I made the ….skin a bit too thin. You couldn’t see through, but after steaming it you could see through and as a result it was hard to pick them up. The real problem really was that I made my dumplings a bit too big. It was strange, because I picked a very small one, and yeah….it turns out to a big one after rolling.

By the way, …you can actually make it a bit smooth when you pour the boiling water into the flour..I did it by chopsticks and spoon. And later when it cooled down somewhat I used my fingers. The proportions were accurate, so I didn’t get much sticky fingers.

做法:

1) 先做餡:香菇泡軟,切碎。冬粉放滾水中一燙,撈起瀝乾,切碎。

2) 蛋加1/4小匙鹽打散,用2大匙油炒成嫩嫩的碎蛋花。各種蔬菜洗淨,徹底瀝乾,切碎。

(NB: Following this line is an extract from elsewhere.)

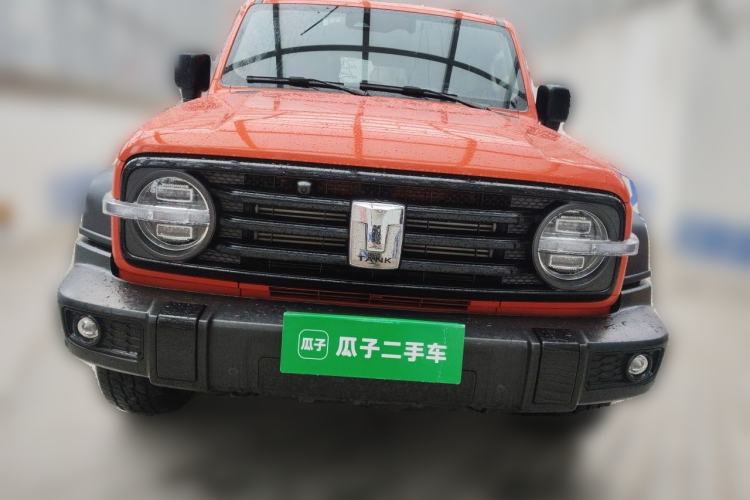 Used Tank 300 2021 Off-Road Edition 2.0T Challenger Front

3) 所有碎料加香油拌勻,再加蝦皮和鹽、味精拌勻,即是餡。

4) 再做麵皮:把燙水沖進麵粉中,攪打成光滑柔軟的麵糰,放涼備用。

5) 沾些手粉,搓揉成長條,約像姆指般粗細,再切成小段。每切一刀就把麵糰換個方向,切好的麵段才容易擀得圓(如下圖)。

把小麵段切口朝上壓扁,上下都沾點手粉,擀到比餃子皮還要薄,再把外緣擀得更薄。包餡,邊緣要捏褶子,形狀才會立體。

7) 準備幾個可以放進蒸籠裡的瓷盤,盤面抹一點沙拉油。把包好餡的蒸餃排上去,每個之間要有一點距離,以免蒸熟後黏在一起。

8) 蒸籠水煮沸,把蒸餃上籠以大火蒸約10分鐘即可。趁熱食用。